WORK REQUEST: Please return exactly the lines from the beginning of the listing up to and including the line with "A person is", with no pictures.

*** Begin section ***

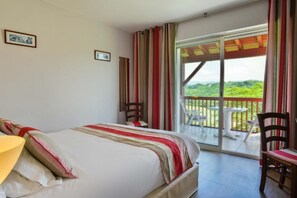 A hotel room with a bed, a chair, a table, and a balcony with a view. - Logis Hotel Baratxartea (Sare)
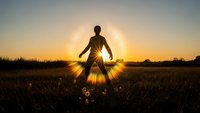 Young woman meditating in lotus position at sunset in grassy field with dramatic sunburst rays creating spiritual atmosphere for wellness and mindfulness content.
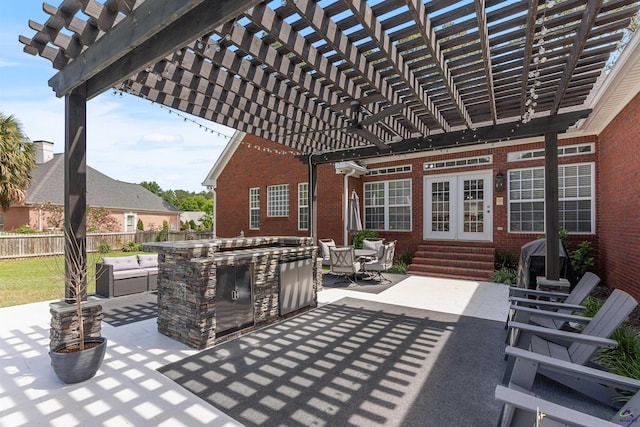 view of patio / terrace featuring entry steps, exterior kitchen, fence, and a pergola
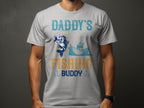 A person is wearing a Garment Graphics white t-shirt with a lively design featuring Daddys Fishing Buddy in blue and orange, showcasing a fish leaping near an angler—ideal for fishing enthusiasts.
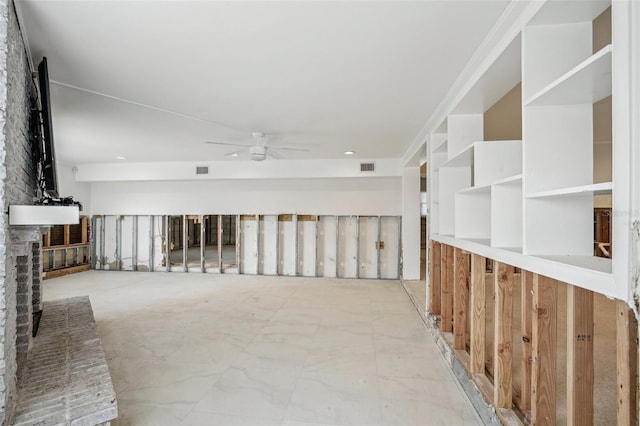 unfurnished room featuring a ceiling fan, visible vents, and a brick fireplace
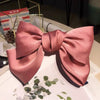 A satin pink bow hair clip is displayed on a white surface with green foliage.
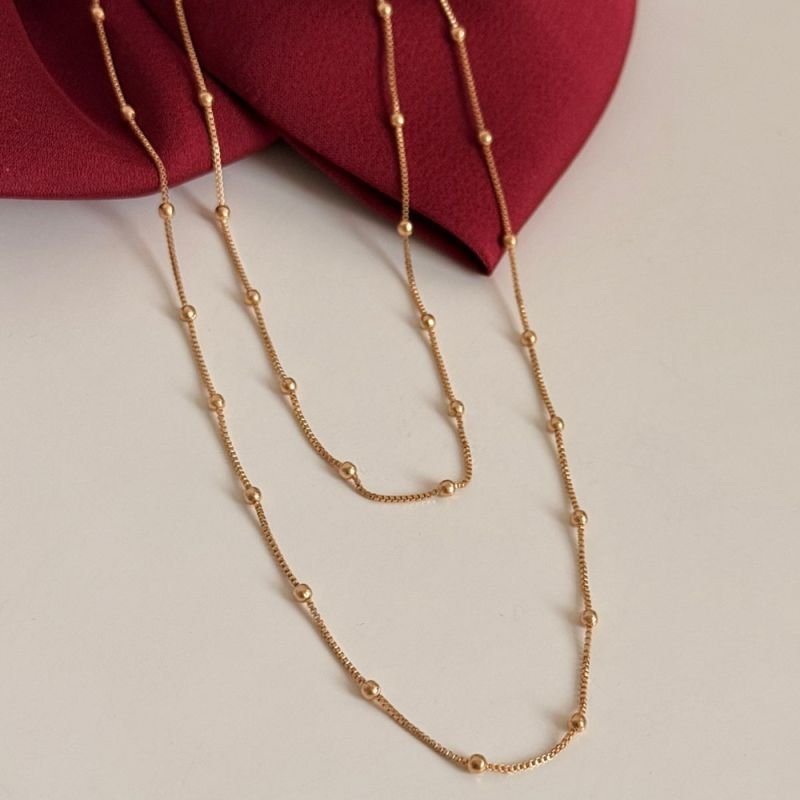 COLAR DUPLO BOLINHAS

*** End section ***

YOUR RESPONSE:
 A hotel room with a bed, a chair, a table, and a balcony with a view. - Logis Hotel Baratxartea (Sare)
 Young woman meditating in lotus position at sunset in grassy field with dramatic sunburst rays creating spiritual atmosphere for wellness and mindfulness content.
 view of patio / terrace featuring entry steps, exterior kitchen, fence, and a pergola
 A person is wearing a Garment Graphics white t-shirt with a lively design featuring Daddys Fishing Buddy in blue and orange, showcasing a fish leaping near an angler—ideal for fishing enthusiasts.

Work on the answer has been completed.